The farm had milking cows and milking was one of her tasks. They possessed one of the early milking machines, the milk then being put into kits and collected from the stand outside the farm. In winter the stock were let out twice a day, mucked out and then fed, all very labour intensive. At the start of the summer, the stock was moved up to Middle House on Malham Moor to the limestone pastures, and Veronica remembers setting off alone driving the cows all the way from Otterburn to Malham Moor.
At hay time she was required to work very long hours. Mr Caton forecast the weather by watching the smoke from the passing steam trains. If the smoke went below the train then it would be bad weather, so there would be a race to protect any lying hay, either by making the small hay cocks into bigger ‘pikes’, or by sweeping it into one of the barns. The hay settled and compressed when left in pikes and it took great skill to move a whole pike into the barn in one go!
The farm also had to have some land devoted to crops - oats, kale and turnips. The ploughing was all done by War Ag but other jobs were done by Frank’s team of workers. Veronica remembers that leading the oats was very slow because very little height could be placed on the cart, otherwise it was unable to go down the incline and under the railway bridge. It was led all the way from Crane Hill down to the Dutch barn in Otterburn, all by horse. The farm had a team of six horses, usually including one young inexperienced one. Threshing again was done by War Ag, when they set up the thresher in the field behind Bodkin House and all the local farms brought their crops to be threshed.
The farm labour also included prisoners of war, some travelling daily and for part of the time, two lived in a cottage at the farm. The prisoners had either a square or a circle on the back of their clothes to differentiate between the Germans and the Italians. (Unsure which was which). Veronica remembers them all as being hard working and pleasant.

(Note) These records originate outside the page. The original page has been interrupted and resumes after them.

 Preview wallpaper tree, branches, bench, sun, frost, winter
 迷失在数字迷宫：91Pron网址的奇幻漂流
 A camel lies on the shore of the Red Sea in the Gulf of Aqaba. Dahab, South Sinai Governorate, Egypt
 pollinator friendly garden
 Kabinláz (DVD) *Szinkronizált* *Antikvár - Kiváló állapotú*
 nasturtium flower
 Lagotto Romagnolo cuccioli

The Home Guard was very important in the Dale and all farmers had to join that or the ARP. Her father, Ronald Fell, and Mr Haggas from Otterburn both became officers in the Home Guard, which had its HQ in some buildings at Anley Hall in Settle. They staged training events, one involving an imaginary fire in a barn when local people had to form a human chain for passing water to put it out. These events proved very funny but they all had to try to take them seriously. One of the more serious tasks of the Home Guard was to mount a twenty-four hour watch at Ribblehead Viaduct on the main west coast railway, to prevent sabotage by the German Fifth Column, and members from Malhamdale would take their turn on that duty. Parades were held in a field at Hellifield Auction Mart. Veronica also remembers that there was a bomb store at Halton West and it was necessary to obtain a permit to go into that area.

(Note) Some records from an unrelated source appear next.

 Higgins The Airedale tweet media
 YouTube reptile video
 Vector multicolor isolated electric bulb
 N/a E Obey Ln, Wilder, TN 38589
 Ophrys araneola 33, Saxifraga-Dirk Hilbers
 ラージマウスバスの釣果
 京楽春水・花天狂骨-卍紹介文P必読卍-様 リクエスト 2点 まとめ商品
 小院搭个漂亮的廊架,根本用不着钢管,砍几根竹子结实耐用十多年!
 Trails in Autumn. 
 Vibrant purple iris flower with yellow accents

One dramatic event was when a bomb dropped at Coniston Cold, and the roads were packed with people coming to see the crater which it had left. She recalls it was very small, more like the scratchings round a hen hut! Presumably the enemy had been aiming to destroy the railway line.

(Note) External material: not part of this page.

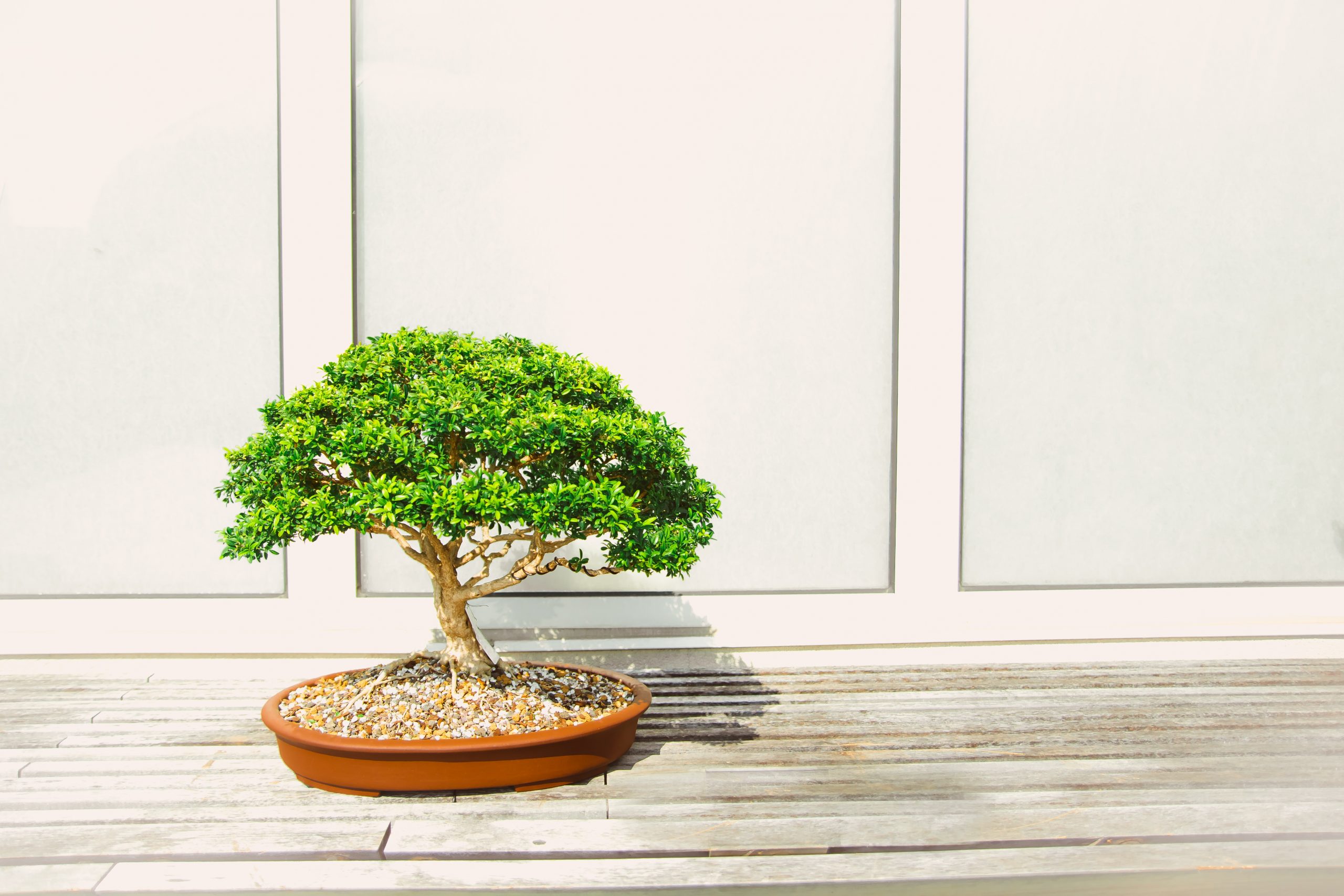 Hvordan vedlikeholde en Ficus Bonsai?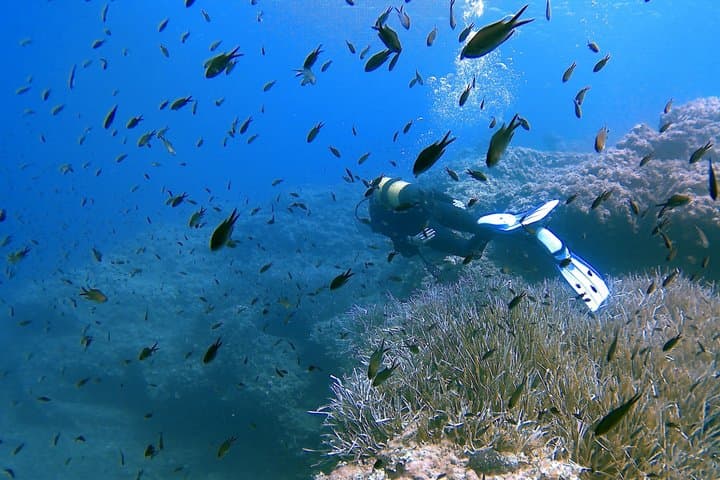 Discover Scuba Diving your first underwater experience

Mrs Fell, Veronica’s mother, worked for the WVS and was a Billeting Officer for evacuees in the area. She also visited farms on behalf of the Land Army to assess what type of work the farmers needed doing and to inspect accommodation to be used by Land Girls who lived on the farm, rather than in a hostel. She was also involved when Otterburn, along with other villages, raised money for war efforts such as Wings for Victory and Salute the Soldier. Otterburn had a unique way of registering the progress of these events by moving an otter along a ladder type structure placed along the bridge. The more money the village raised, the further along the ladder went the otter.
Veronica remembers going to dances at Kirby Malham Village Hall. Virtually everyone went by bike, leaving them in the wash house at the Vic.
After she left the Caton’s at Otterburn, she went to Sawley to milk a dairy herd three times a week, and finally ended up in Clacton on Sea working with horses, finally leaving the Land Army on April 20th 1946.